Community can build off election-year energy
Political signs line the yards and streets of Boyle County. Words of support for local candidates fill the newspapers and the airwaves. Social media has become a constant forum for campaigning.
The November 2018 general election is certainly building toward a crescendo — yet it’s possible fewer than half of registered voters will vote.
This is heartbreaking. It appears activity doesn’t translate to action.
How do we solve this conundrum? I am not sure anyone knows, but it is a topic worthy of analysis by social scientists and cultural anthropologists.
Working off of a parallel concept, imagine if we could get all those voicing their support for political candidates to actively get involved in the community through volunteerism and other efforts after the election is over.
The results would be absolutely transformative for Boyle County.
With all due respect to those seeking public offices, a veritable army of volunteers and engaged citizens could accomplish far more than any government entity or political subdivision, even when staffed by the best public servants.
So, that’s the monumental challenge our society faces. How do we translate the energy from campaign season, first, into actual voting and, second, into community engagement after Nov. 6?
Progress like this will only be achieved on a grassroots level, but it can be led by our elected officials. If those seeking office spend as much time motivating their supporters after they are elected as they do prior to the votes being cast, we will see remarkable changes in our communities.
When you tick through the list of some of the biggest challenges our communities face, all can be significantly impacted by concerned citizens who are committed to making a positive impact.
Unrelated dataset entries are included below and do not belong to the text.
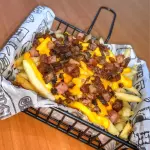 BATATA CHEDDAR E BACON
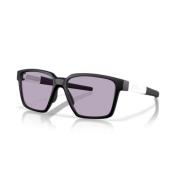 Sportieve zonnebril met uniek ontwerp Oakley , Black , Unisex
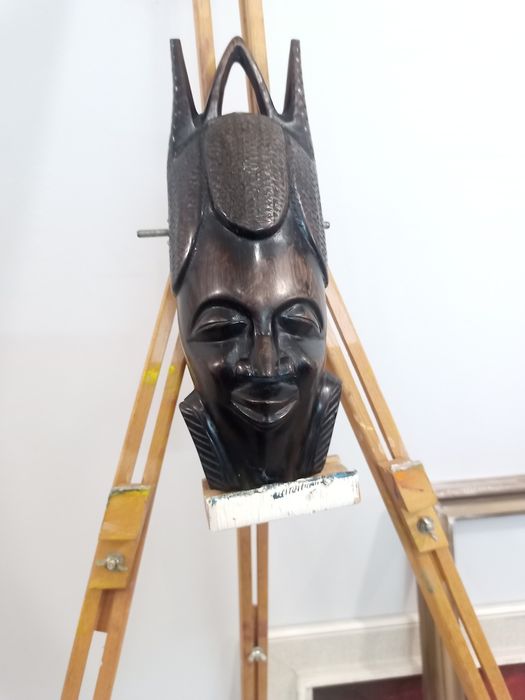 Уникална африканска дърворезба – Мъдрост и Баланс за вашия дом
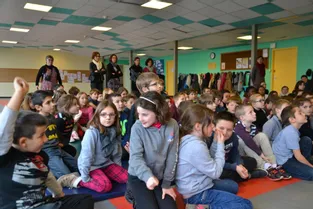 Quatre-vingts élèves et le personnel d’une école élémentaire d’Issoire ont été sensibilisés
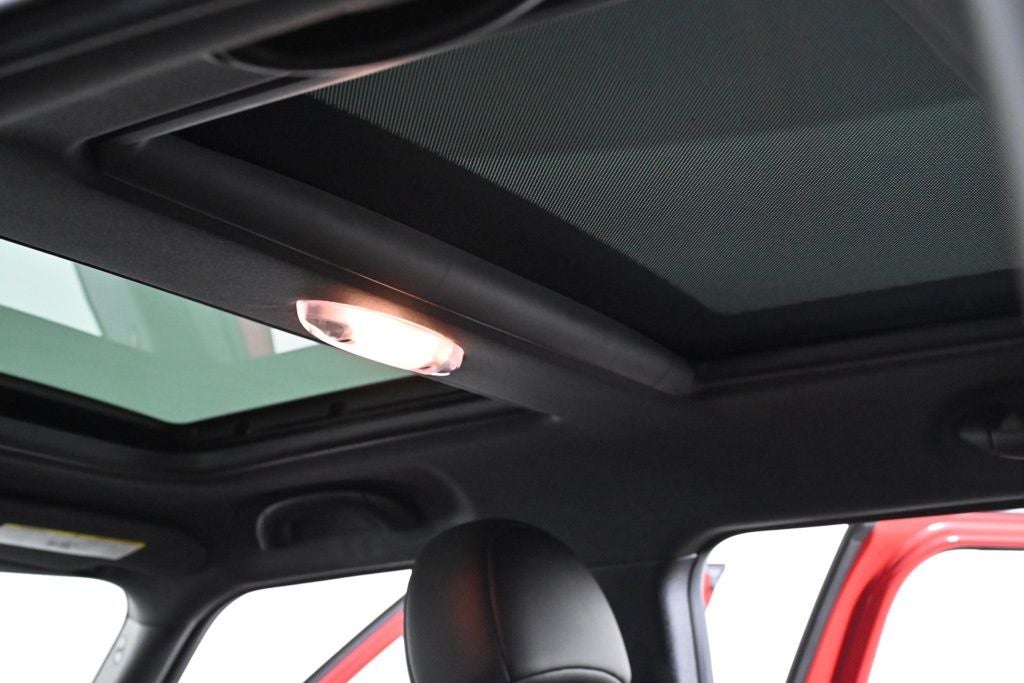 2016 MINI John Cooper Works Countryman Base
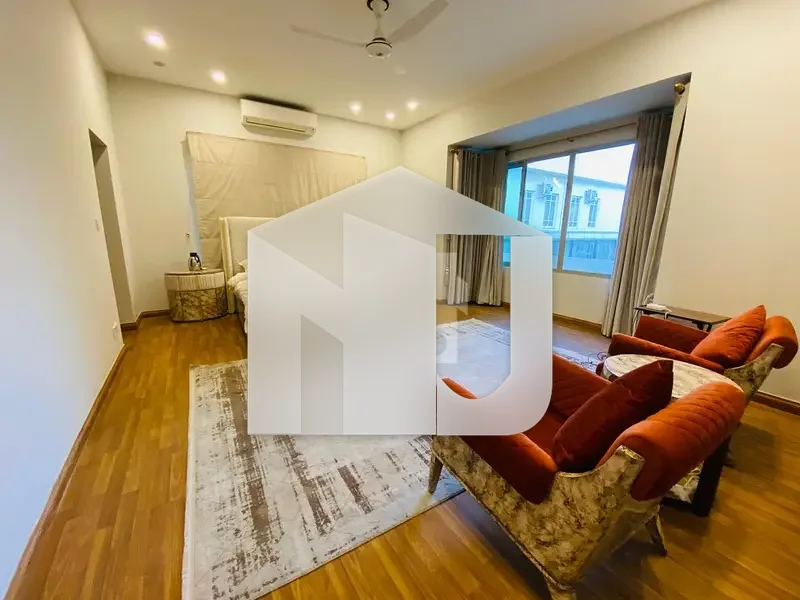 Beautiful House Available For Rent On Prime Location, photo 9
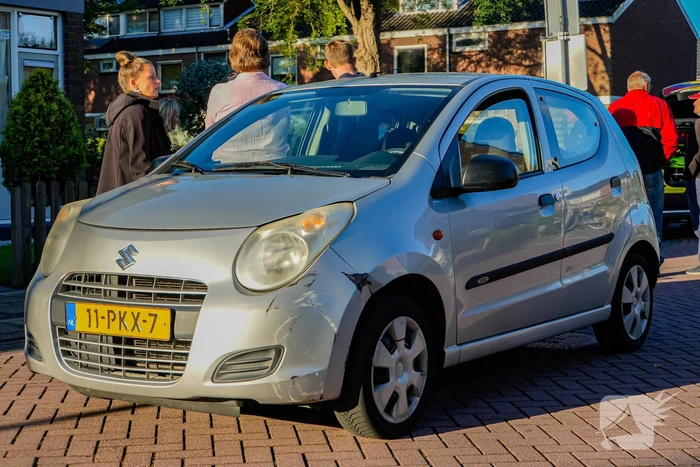 Oudere man met fiets aangereden door personenautoo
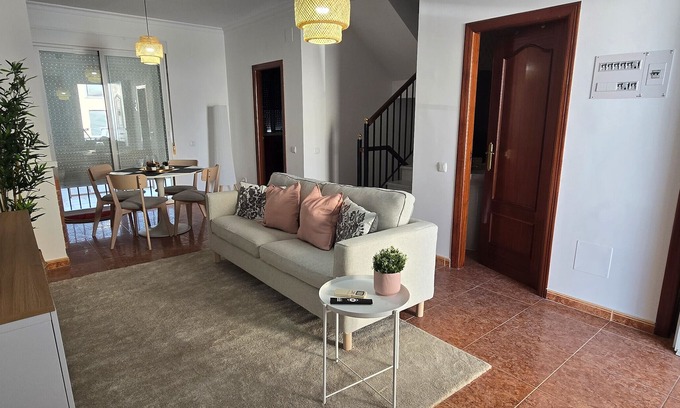 Ayamonte Villa | Villa 'Marília' with Private Terrace, Wi-Fi and Air Conditioning
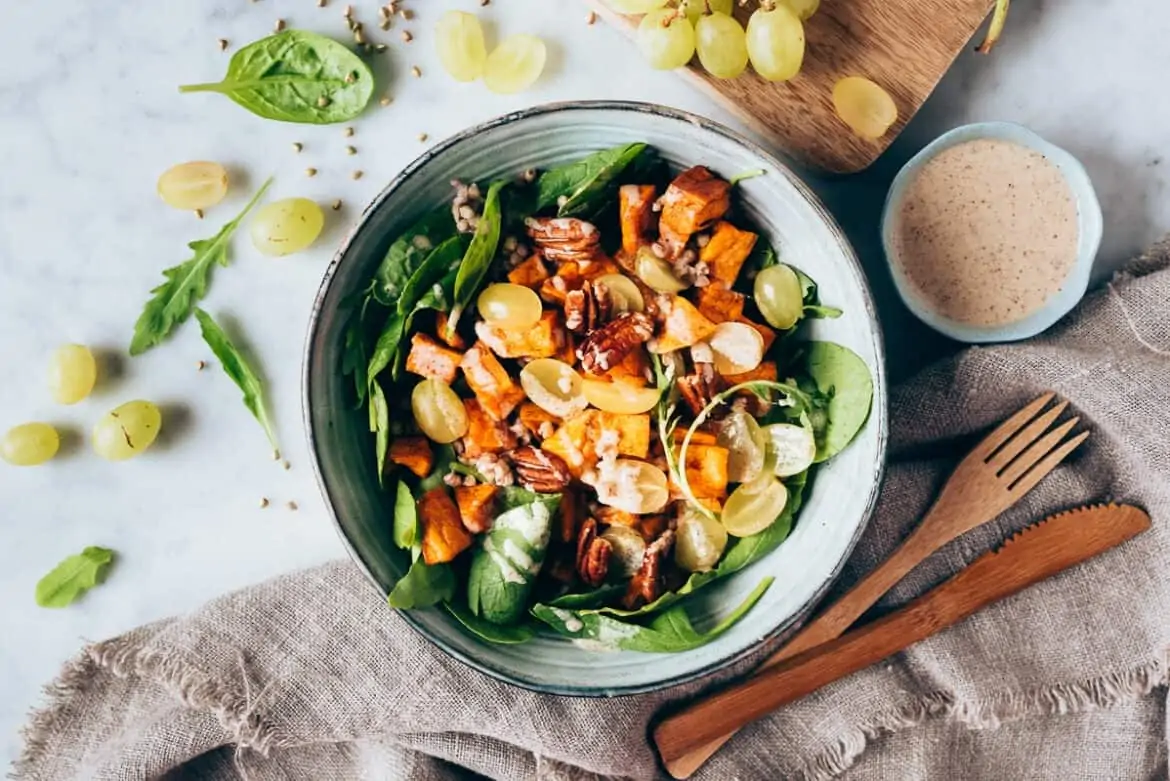 Ensalada de boniato, sarraceno y uvas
Drug addiction. Education for our youth about the dangers of drugs, as well as rehabilitation and support for addicts can be done by everyday citizens. It starts with acknowledging that this is a problem that affects us all and one that will require us all to be part of the solution.
Job creation. Although we need our local governments to provide resources and an enticing environment, real job creation and economic growth will always be driven by private investment. This starts with each of us making a commitment to support our local businesses and being the loudest cheerleaders.
Community pride. Volunteers have long been the driving force behind many of the most effective community beautification and cleanup efforts. Peer pressure also goes a long way when it comes to ensuring businesses and citizens keep their properties maintained and looking good.
Educational success. Quality schools are critical to the success of our communities and our students. We cannot rely on educators and administrators to shoulder the whole burden. Mentors and positive role models can be the difference between failure and success; we all have the capacity to rise to the occasion here.
These challenges transcend partisanship. They transcend demographics. They transcend all the petty things we allow to divide us.
As we enter the homestretch of the 2018 election season, it is encouraging to see so many vocal supporters actively engaged in the process. Now we just need to keep that momentum going after Nov. 6.
Do that and our citizens will be the real winners this year and for years to come.